While others in Norway enjoy a long summer holiday, this Seychelles-born playwright and director admits that he took off “only for a couple of days.” Moustache is in the middle of preparations and rewrites for his new project by Nordic Black: Hope Road 56, Revisited, which plays at the Oslo Opera House this coming February.
The title refers to the home address in Kingston, Jamaica of music legend Bob Marley. And while his music, lyrics, and worldview permeate Hope Road, Marley himself is a minor character in Moustache’s drama. “It is about the life of the decent Jamaican people,” he explains, as well as about “political conflicts, crime, survival, and poverty.”
Moustache sees Marley’s home, past and present, as an engaging metaphor to house these interconnected themes.
“Originally, Hope Road 56 was a gathering place for journalists, artists, poor people, and rastas, a place to gather daily, to work, to ‘reason’ with one another. Today, Hope Road 56 consists of tourists and visitors.”
Founded in 1992 by Moustache and Managing Director Jarl Solberg, Nordic Black Theatre presents original theatrical works throughout the year, both in Norway and abroad. Many of Moustache’s original works presented by the company focus on iconic men and women of color, such as his recent works I Am Nina, about Nina Simone, and Great As I Am, the story of Cassius Clay/Muhammed Ali. All of his productions incorporate live music into the unfolding drama, creating a theatre atmosphere that is festive and accessible. Nordic Black also presents performances by local and international guest artists at their creative home of Cafetheatret, a cabaret-style space in central Oslo offering audiences food and drink while enjoying live jazz, children’s theatre, slam poetry, and new plays.
This artistic, educational, and organizational workload is intense. While Moustache deftly juggles it all with assurance, behind his smile is a passionate determination.
“When we started twenty-five years ago, theatre in Oslo was simply not promoting the wealth and dynamism of multiculturalism,” he recalls. “There were no black actors onstage. There was no professional work for me as an actor because I could not speak Norwegian. And the Norwegian institutional theatres were still painting white actors to do the roles of black characters.”
In additional to independently presenting new and diverse performances, Nordic Black Theatre eventually started its own acting school. Through its full-time two-year curriculum, Moustache and his colleagues seek to “meet the future” of Norway’s growing diverse population by envisioning a new model of theatre education, craft, and community engagement. Moustache approaches teaching in much the same way he does his own dramatic writing, directing, or critical writing. One pillar within the school’s educational foundation is to diversify and broaden the sources within the Western/European acting tradition, and expose Norwegian acting students to writers such as Wole Soyinka, Ola Rotimi, Aimè Cèsaire, and James Baldwin.

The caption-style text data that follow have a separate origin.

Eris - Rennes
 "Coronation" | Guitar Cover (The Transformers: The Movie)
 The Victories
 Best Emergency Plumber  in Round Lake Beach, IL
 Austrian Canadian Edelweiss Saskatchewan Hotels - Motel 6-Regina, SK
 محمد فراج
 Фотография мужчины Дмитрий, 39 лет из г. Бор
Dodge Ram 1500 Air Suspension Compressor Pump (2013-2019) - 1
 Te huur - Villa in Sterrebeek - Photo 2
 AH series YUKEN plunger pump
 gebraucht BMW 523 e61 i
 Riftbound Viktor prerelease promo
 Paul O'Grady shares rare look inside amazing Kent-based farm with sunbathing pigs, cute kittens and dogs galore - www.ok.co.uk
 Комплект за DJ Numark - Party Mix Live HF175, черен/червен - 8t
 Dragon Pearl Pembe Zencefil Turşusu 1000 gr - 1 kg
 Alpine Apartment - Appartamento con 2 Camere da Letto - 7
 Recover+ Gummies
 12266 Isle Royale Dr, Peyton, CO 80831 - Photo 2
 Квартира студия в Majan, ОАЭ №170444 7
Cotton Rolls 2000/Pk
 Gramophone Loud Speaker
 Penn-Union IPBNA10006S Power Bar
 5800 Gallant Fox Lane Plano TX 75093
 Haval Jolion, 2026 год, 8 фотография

“We want our younger generation to be aware of this literature and of these theatre figures,” he says. “Give these future theatremakers people they can relate to.”
NBX Teaterskole, Nordic Black Theatre’s two-year acting conservatory, will soon be approved as a Bachelors program in Acting by NOKUT, the Norwegian authority of education and academic excellence. While distinct entities, both the school and the theatre work together towards a common mission.
“We saw the absence of a diverse audience at other theatres,” Moustache says. “We felt that what they were presenting on stage was probably not relevant.” This experience helped him and Solberg clarify the goal of Nordic Black: “We focus on educating new actors from diverse backgrounds, working closely with their communities. We want them to see work of their sons, daughters and neighbors. Nordic Black Theatre celebrates this new, diverse audience like they are our families.”
For Moustache, “Theatre should be a wonderful mirror for all the citizens of Norway.”
The company’s ability to simultaneously unite and celebrate diversity is not limited to Nordic Black Theatre’s experiences within Norway. Moustache recalls one experience in South Africa:
Audiences who could not see the play we staged at the Grahamstown Festival traveled for ten hours by car to see the same play in Johannesburg. The theatre we played at in Johannesburg had black South African actors and audiences. Those who drove to see the play were mostly white. It was the very first time in the theatre’s history that white South Africans visited this venue. This was in 1997.
Moustache describes another incident performing Babylon by Bus, written by Moustache and Sigbjørn Nedland, during a festival in Zanzibar. Police officers started hitting audience members with their truncheons during the play, because people were standing and dancing.
“We took the microphone and said theatre is to celebrate the gathering of peacefulness,” he recalls. “We said that, if the policemen continue their attacks on our audience, then we have no other choice but to stop the play.”
Moustache pauses for dramatic effect, and then smiles broadly.
“Suddenly, the police dropped their sticks, and they too joined in the dance. To me this is the power of music, the power of drama and theatre.”